The BBC has removed an anti-meat message aimed at children on its Blue Peter programme following a backlash from farmers.
The iconic TV show encouraged children to be 'environmentally friendly' by adhering to three tasks; turn off lights, use less plastic and not to eat meat.
It also asked its young audience to become part of a 'green army' to tackle carbon emissions and climate change.
Recommendations to earn a 'Green Badge' include taking the 'Supersize Plants Pledge' by replacing meat dishes with 'climate friendly' plant-based alternatives.
The programme cited phrases including “reducing the amount of meat you eat, especially beef and lamb, is known to be even better for the climate than reducing the amount you travel in a car.”
Following heavy backlash from farmers and industry groups, the broadcaster has now changed the qualification criteria for a Green Badge.
Its website now states children should “choose a couple of vegetarian meal options during your two weeks as part of a healthy balanced diet.”
A spokesperson for the BBC said it was updated “to reflect that buying seasonal food or local grass-fed meat can also make a difference to climate change.”
"We are not asking Blue Peter viewers to give up meat," the spokesperson added.
The U-turn comes just days after the AHDB, Quality Meat Scotland (QMS) and Hybu Cig Cymru (Meat Promotion Wales) sent an open letter to the broadcaster accusing it of unbalanced reporting.

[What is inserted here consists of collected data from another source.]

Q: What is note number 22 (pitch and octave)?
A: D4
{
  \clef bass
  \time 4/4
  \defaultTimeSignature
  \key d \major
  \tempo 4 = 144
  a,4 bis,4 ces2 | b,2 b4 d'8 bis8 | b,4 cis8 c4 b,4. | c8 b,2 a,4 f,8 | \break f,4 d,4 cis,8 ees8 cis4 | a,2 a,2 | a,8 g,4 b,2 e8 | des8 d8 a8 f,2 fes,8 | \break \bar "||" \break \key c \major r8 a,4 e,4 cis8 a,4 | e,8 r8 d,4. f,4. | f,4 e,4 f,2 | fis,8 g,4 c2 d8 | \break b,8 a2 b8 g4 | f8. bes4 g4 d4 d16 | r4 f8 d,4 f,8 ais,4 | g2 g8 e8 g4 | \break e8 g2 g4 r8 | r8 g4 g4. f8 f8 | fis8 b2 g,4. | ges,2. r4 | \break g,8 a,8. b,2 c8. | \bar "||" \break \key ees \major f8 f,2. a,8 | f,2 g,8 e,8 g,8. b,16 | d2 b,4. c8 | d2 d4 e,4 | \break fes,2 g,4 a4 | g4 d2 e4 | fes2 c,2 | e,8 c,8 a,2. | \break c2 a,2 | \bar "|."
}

"As a public service broadcaster, the BBC has a responsibility to provide an impartial argument. This is all the more important when communicating to children," the levy boards said.
"It is essential that young people learn and understand where their food comes from and its impact on the planet.
"The British red meat industry... is amongst the most sustainable in the world and supports the livelihoods of thousands of people."
The National Beef Association (NBA) also criticised the BBC for producing content that was 'unbalanced, and at worst irresponsible'.